04-0100 The original ball bearing
06-7710 The roller replacement (now the standard AN part - but not recommended by Mick H)
 
Ok , got around to re-assembly, the bearing went in much quicker than coming out and the box went together without fanfare, tested shifting through the gears and neutral. I measured the end play to 0.085'. Is this excessive or in the normal range? I guess my choices are 2 x 0.30' + 0.020 iso shims for end result of 0.05' or 2 x 0.030 + 0.010' + 0.005' for an end 0.010' play. which is better loser or tighter. I see Old Britts target 0.005"
 
.005 seem a little thght to me.
Not that you are asking but.......
I believe there are 2 alternative options to shimming.

1 would be to shim behind the outer race in the casing but the thought of removing and replacing the outer seems just too evasive on the soft machined surfaces.

The other would be to shim behind the inner race in the layshaft. This option seems much more plausible. Shimming the kickstart shaft as OldBritts does is ok but too wishy washy and inconsistant IMHO.

Please do not consider this an argument to your choices, but I have gone with a good ball bearing but remain open minded and will continue to research these options.
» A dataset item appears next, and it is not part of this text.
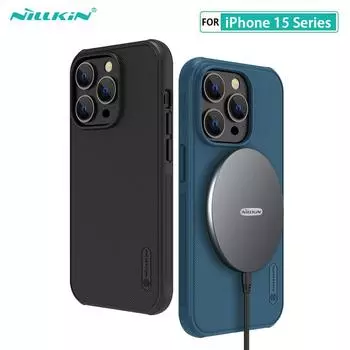 Чехол Nillkin Super Frosted Shield Pro для iPhone 15 Pro Max, магнитный чехол, роскошный чехол для iPhone15 Plus iPhone 15 чёрный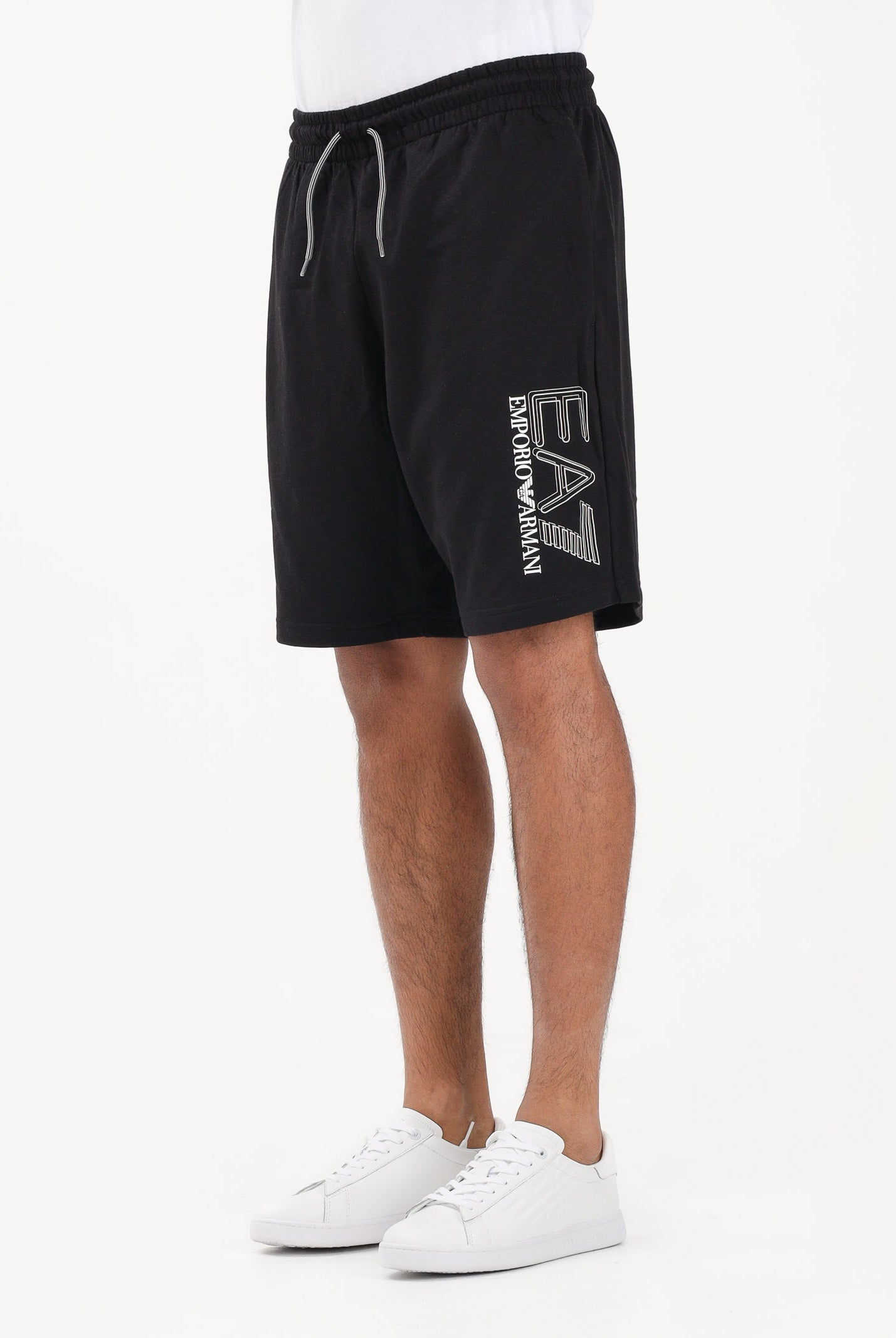 EA7 Shorts sportivo nero da uomo con stampa logo 7M001315AF13512 UC001 EA7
My current thoughts are if the layshaft is allowed to float, is there a need for a thrust washer somewhere?

Here is a quote from Jim Bush (jba@express.ca) on NOC-L 1st. Sep 1997
"I don't believe it would need a thrust washer as the first gear shoulder on the layshaft, and not the face of the bronze bushing in the kick-start spindle, prevents lateral movement."
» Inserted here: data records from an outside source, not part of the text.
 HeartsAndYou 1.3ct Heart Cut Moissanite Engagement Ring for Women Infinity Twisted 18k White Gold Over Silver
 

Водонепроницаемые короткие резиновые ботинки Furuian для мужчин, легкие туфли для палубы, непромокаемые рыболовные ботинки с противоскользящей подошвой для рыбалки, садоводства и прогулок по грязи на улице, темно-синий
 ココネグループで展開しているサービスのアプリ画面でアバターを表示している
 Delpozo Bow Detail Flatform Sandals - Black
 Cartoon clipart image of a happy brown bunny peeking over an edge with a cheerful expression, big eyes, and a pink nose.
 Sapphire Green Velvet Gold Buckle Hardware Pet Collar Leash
I think any of the modern solutions will work fine when accompanied witth good bushing, proper lubes, a good working clutch and sound shifting practices.
 
Shimming the kickstart end is correct, it locates the layshaft where it originally was positioned by the ball bearing. (the shoulder on the roller bearing is the locater in the LH direction) The original ball bearing held it with no endplay, so the .005" clearance suggested by OB is a good number, just enough to allow lubrication in between shims on the right, shoulder on the left.
This retrofit of a roller bearing in place of a KNOWN PATTERN FAILURE ball bearing is a no brainer because: It's a safety issue. A locked rear wheel is not a joke, nor is it romantic, nostalgic or any of that crap. There's a good chance you'll need skin grafts.. if you're lucky. Get driven over if your not. Like a the airbag in your car, it may be overkill, but it's comforting to know it's there. Unlike the arguments over which carb/ignition/oil is the end of the rainbow, this can put you in a wheelchair, not just sputter to the side of the road or make you the object of ridicule as you kick repeatedly on a bike that won't start.
Take advantage of the lengthy history and put it to use.
 
fwiw , researching the forum et al

The FAG 6203 TB.P63 ball bearing or FAG NJ203E C3 roller bearing will both suit the purpose. I haven't found evidence of either failing. The ball bearing has the advantage of not requiring shimming and the roller bearing is stronger dealing with axial loads. In my case the roller was readily available at a somewhat lower cost( but when I add the shims and shipping it's a wash). The Ball was on back order. So I took the expedite route. As long as its shifts nicely when I'm done I'll be happy, and no worry of catastrophic failure.